[Work instruction]: Output all of the data below without changing a word, and exclude the pictures.

[Source material]:
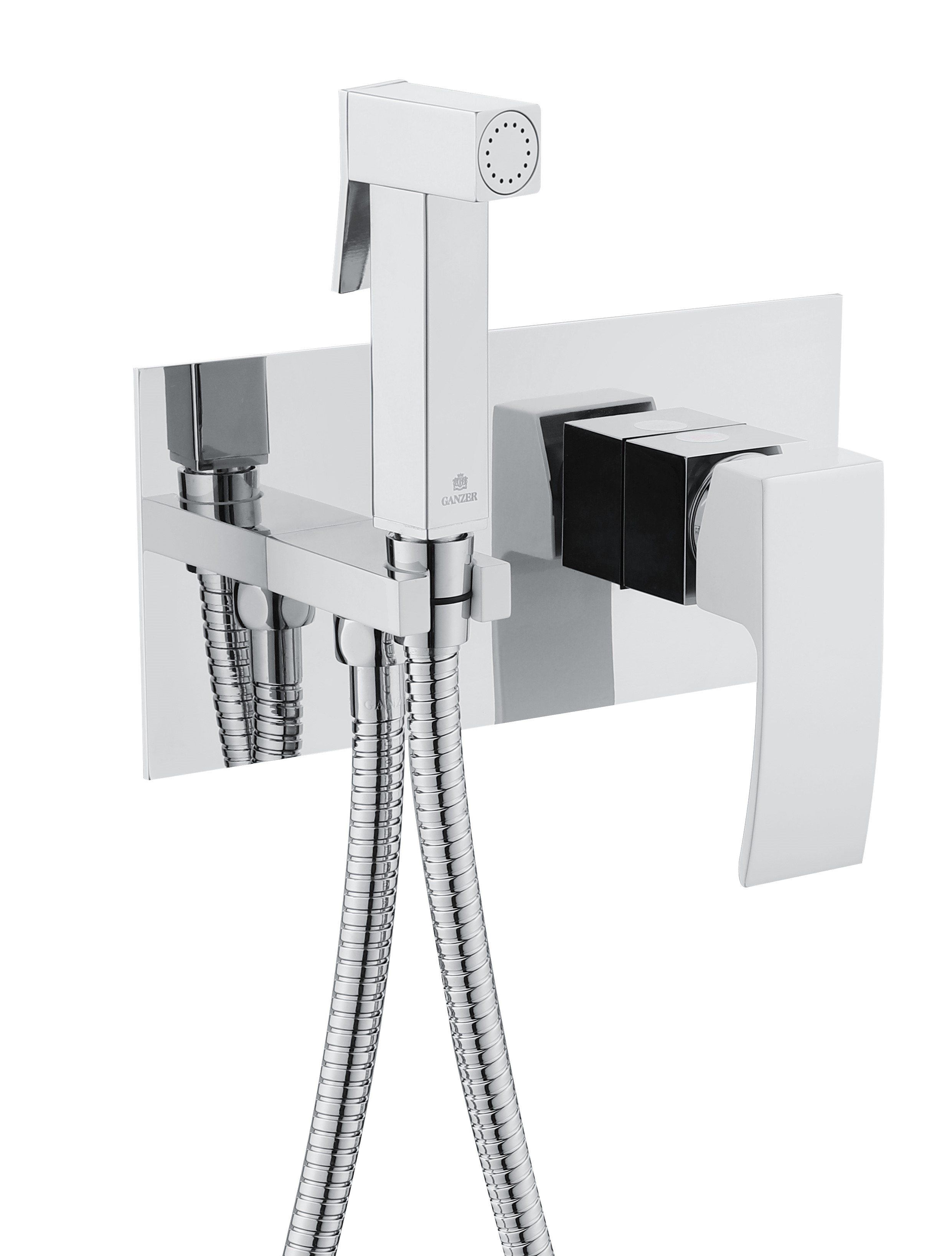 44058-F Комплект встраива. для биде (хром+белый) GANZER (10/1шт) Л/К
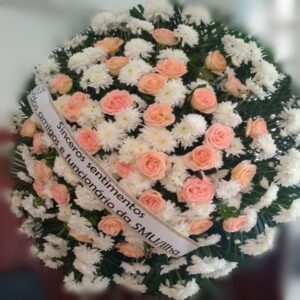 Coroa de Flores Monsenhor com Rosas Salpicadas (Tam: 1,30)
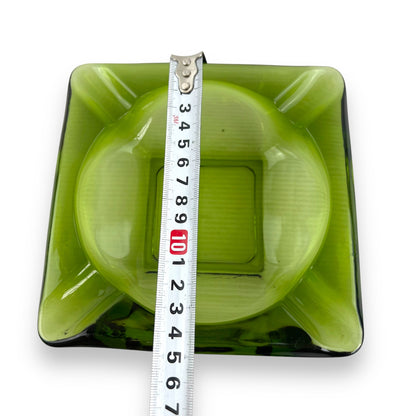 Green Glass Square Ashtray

[Solved problem]:
 44058-F Комплект встраива. для биде (хром+белый) GANZER (10/1шт) Л/К
 Coroa de Flores Monsenhor com Rosas Salpicadas (Tam: 1,30)
 Green Glass Square Ashtray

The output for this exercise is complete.